# Belleisle golf course.



## sydney greenstreet (Jul 31, 2013)

Without doubt the BEST municipal golf course I have played. All the greens are in fantastic condition running true and a pleasure to putt on, fairways are in good nick and the rough is not too penal. Bunkers are the kind that private members clubs would envy, the course at just over 6,000 yards (yellows) is not long compared to others but does test your golf with precision rather than length off the tee's required. All in all a fantastic course with which I had the pleasure to play along with a 3 ball who invited me to join them while waiting at the 1st tee.


----------



## davie24 (Jul 31, 2013)

Totally agree with the above,played it a few weeks ago and it was in fantastic condition.
In fact going back tomorrow with 3 guys from work.


----------



## sydney greenstreet (Jul 31, 2013)

davie24 said:



			Totally agree with the above,played it a few weeks ago and it was in fantastic condition.
In fact going back tomorrow with 3 guys from work.
		
Click to expand...

Take a snorkel with you supposed to be heavy rain the morra.


----------



## Darth Fader (Jul 31, 2013)

Always in great nick when i have played it.


----------



## Farneyman (Aug 1, 2013)

Played their Open last Sunday and after brutal rain all morning it stopped for my tee time 

Super course and no visible lying water on the course.
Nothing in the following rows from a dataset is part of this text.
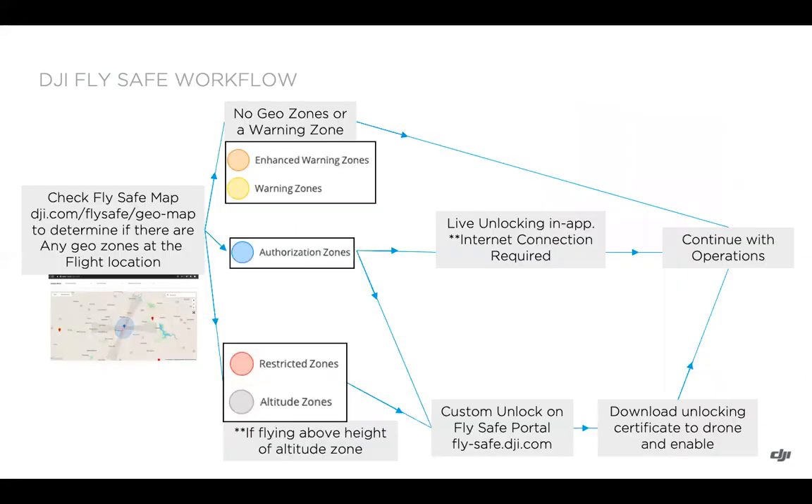Looking at the overall workflow: first, check the DJI FlySafe map to determine if there are any geo zones at the flight location. If there are no geo zones or only a warning zone, you can continue with operations. For authorization zones, you have the option of in-app live unlocking or a custom unlock through the FlySafe portal. After completing a custom unlock for authorization zones, restricted zones, or altitude zones flying above the altitude zone height, you'll need to download and enable the unlocking certificate on the drone before proceeding with operations. That concludes the FlySafe portal and custom unlocks section — the next section will cover downloading certificates and troubleshooting.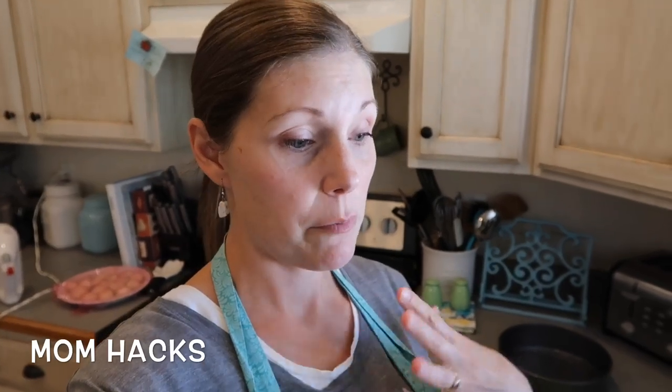People are going to walk in and be like, what have you been doing? A mom hack that helps me with keeping things kind of organized when I'm cooking.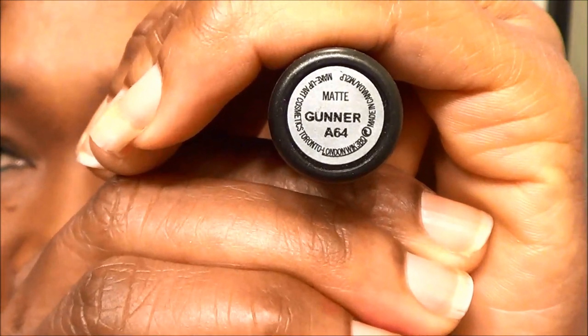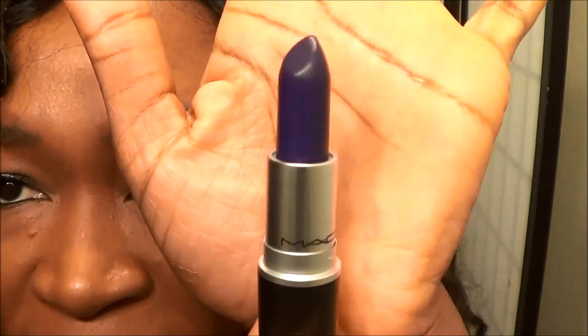So this is the last one and it's called Gunner. And this is the deep purple one, as you can see — deep purple. So this is Gunner on my lips, and like the other two lipsticks, it also glides on smoothly. It doesn't feel dry or anything like that, and I just love the feel of it on my lips. I think it also looks okay.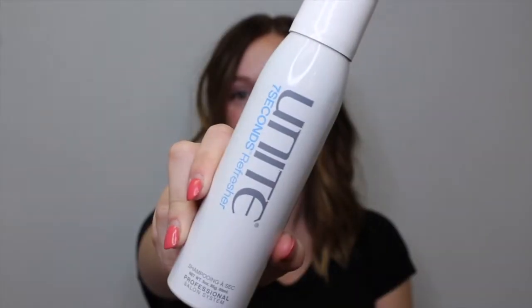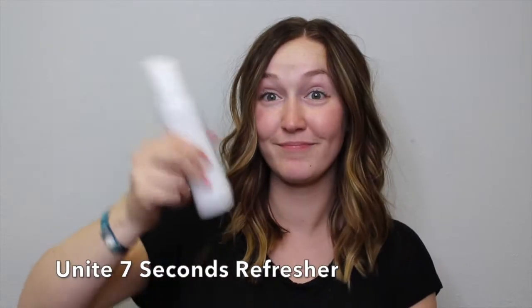Hey guys, it's Chelsea and today I'm going to be doing a tips and tricks video on first, second, and third day dirty hair. For the first day, I'm going to take the Unite Seven Seconds Refresher — this is a pretty clean dry shampoo. On the very first day, right after I wash it, I'm going to spray this in everywhere that I usually get dirty. This is going to help with oil the next day.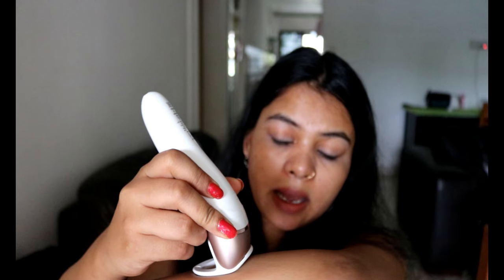Let me talk about the massaging cap first. It has massaging beads on it which help massage the skin simultaneously during epilating. I used this massaging cap and felt really good — it's really comfortable and it reduces the pain noticeably. I found this cap to be the best one of all the caps.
A great test.


----------



## davie24 (Aug 1, 2013)

sydney greenstreet said:



			Take a snorkel with you supposed to be heavy rain the morra.
		
Click to expand...

The weather was good,no rain what so ever.The sun even made a welcome appearance for a couple of hours.The course is in brilliant condition apart from a few flooded bunkers.


----------



## Bobirdie (Aug 2, 2013)

Played it a few weeks ago and really enjoyed it. Greens were quite slow but rolled smoothly.

That 18th tee shot is a bugger.  No idea your ball was dead 240 yards up the middle lol


----------



## sydney greenstreet (Aug 2, 2013)

Bobirdie said:



			Played it a few weeks ago and really enjoyed it. Greens were quite slow but rolled smoothly.

That 18th tee shot is a bugger.  No idea your ball was dead 240 yards up the middle lol
		
Click to expand...

Yip the only bunker of the day I landed in was the one at the end of the 18th fairway.


----------



## Crawfy (Aug 4, 2013)

Still got my voucher from The Sottish Golf show to use up on it. It's one of the few Ayrshire Muni courses I've still to play. Think ill be be heading down at the end of the month. I've read some exciting plans for the new hotel too. Great to hear about such investment.


----------



## sydney greenstreet (Aug 4, 2013)

Crawfy said:



			I've read some exciting plans for the new hotel too. Great to hear about such investment.
		
Click to expand...

Still early on with the work as they were hammering away when I got there, I heard it is going to be a private company/Investor with plans to hire it out for weddings/Functions. Hope they build a decent car park too my only gripe about the place


----------